People ask how it feels to be celebrating Mass in an empty church. It’s given me a fresh appreciation of what is meant by the ‘Communion of Saints’. There’s a man in Brazil suffering from cancer who joins our Mass via livestream. He and his family consider me to be their parish priest. Glen from Sydney, Australia, emailed. I was back in the presbytery having cleared up after Mass. He told me I’d forgotten to blow out the candles. I’ve never met either of them.
Distances shrink during lockdown and separation from family, friends and parishioners also levels out the distinction between the living and the dead. The Eucharistic prayers remind us that we pray each Mass in company with the Church throughout the world; with those who have gone before us as well as the heavenly hosts of angels and saints. We gather around the same altar. We sit together at the heavenly table of the Eucharist. We recite with them the ‘Glory to God’ and the ‘Holy, Holy’. We join with them in the ‘Our Father’.

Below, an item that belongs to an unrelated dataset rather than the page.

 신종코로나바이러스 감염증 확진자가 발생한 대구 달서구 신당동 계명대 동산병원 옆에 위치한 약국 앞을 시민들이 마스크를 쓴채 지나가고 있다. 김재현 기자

Irish poet and philosopher John O’Donohue describes the Communion of Saints as a ‘circle of eternity’. He writes: ‘I believe that our friends among the dead really mind us and look out for us … They are now in a place where there is no more shadow, darkness, loneliness, isolation, or pain. They are home. They are with God from whom they came … In the eternal world, all is one. In spiritual space there is no distance. In eternal time there is no segmentation into today, yesterday, or tomorrow … I believe that this is what eternal life means: it is a life where all that we seek – goodness, unity, beauty, truth, and love – are no longer distant from us but are now completely present with us.’